NAFTA at Ten: World Bank Study Found to be Flawed
Wrong Data Leads to Erroneous Conclusion
For Immediate Release: March 1, 2004
Contact: Debi Kar, 202-387-5080
A new study from the Center for Economic & Policy Research (CEPR), "NAFTA at Ten: The Recount" by Mark Weisbrot, David Rosnick, and Dean Baker, finds serious flaws in the World Bank's study of NAFTA, released in December 2003 on the 10th anniversary of the trade agreement, therefore calling into question the Bank's conclusion that NAFTA increased GDP growth in Mexico.
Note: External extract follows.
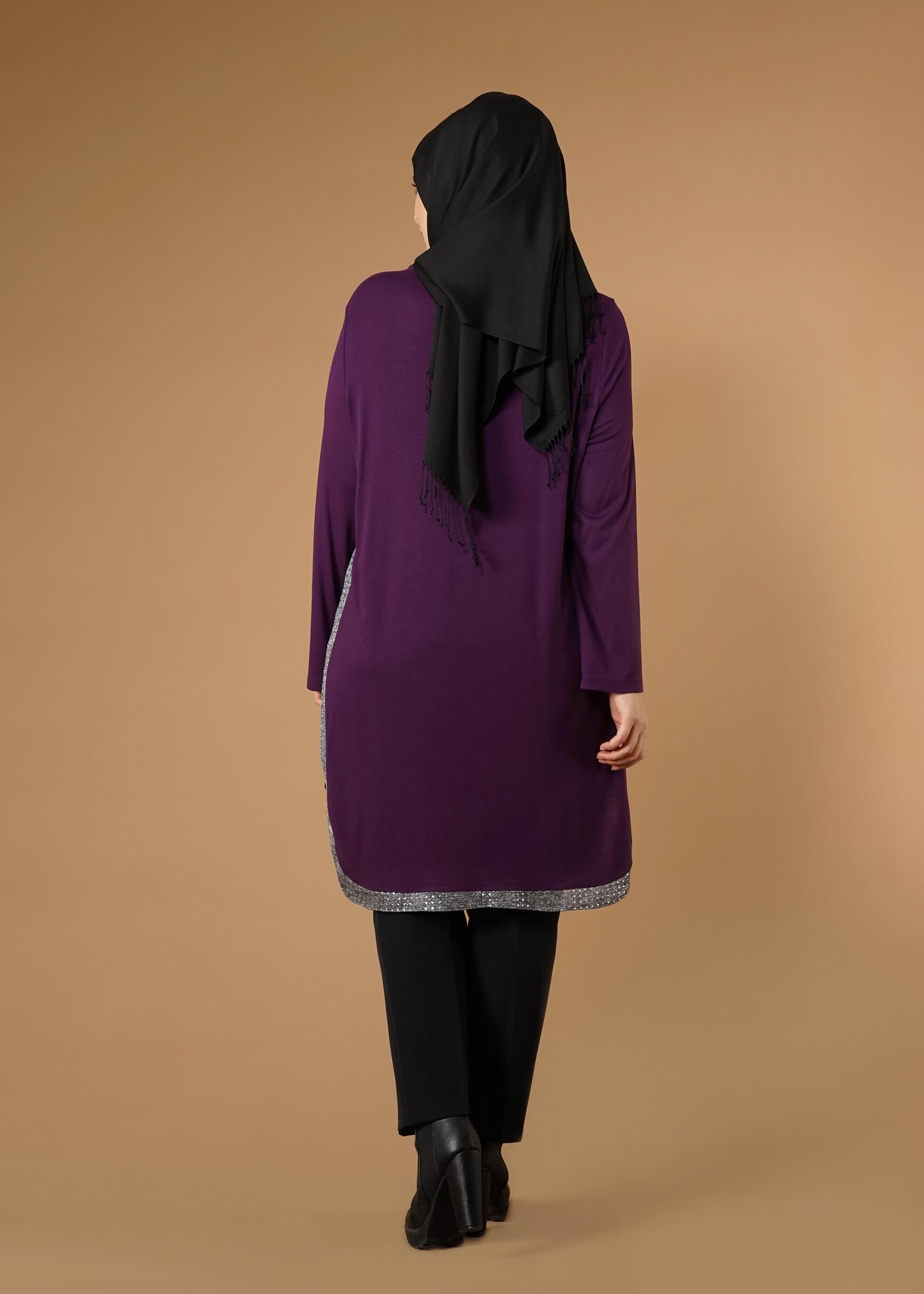 Hijab clothing PURPLE PATTERNED STRIPED TUNIC 2638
The World Bank recently released a study, marking the tenth anniversary of the NAFTA agreement, that focused on the agreement's impact on Mexico's development. This study included a widely cited section that tested the effect that NAFTA had on Mexico's per capita GDP growth. The test used in the study found that NAFTA increased Mexico's per capita GDP by an extra 4-5 percentage points by the end of 2002.
This paper examines the basis for this result. It shows that the per capita GDP data used for the World Bank's test is widely out of line with per capita GDP data from all authoritative sources, including the Penn World Tables, the OECD, and the International Monetary Fund's World Economic Outlook. The per capita GDP ratios used in the World Bank study imply that the United States had a per capita GDP of nearly $21,000 in 2000. This is approximately one-third below the level estimated by these other sources, which place the United States' per capita GDP in 2000 at no less than $31,000.
When data from these other sources is used in the same regression that appears in the World Bank study, the result is reversed. In nearly every specification, the regression results indicate that NAFTA slowed the rate of growth in Mexico.
While this test cannot be viewed as conclusive, it is worth noting that when generally accepted data are used in the World Bank's test, the results show that NAFTA reduced growth in Mexico -- the opposite of the results obtained by the World Bank study.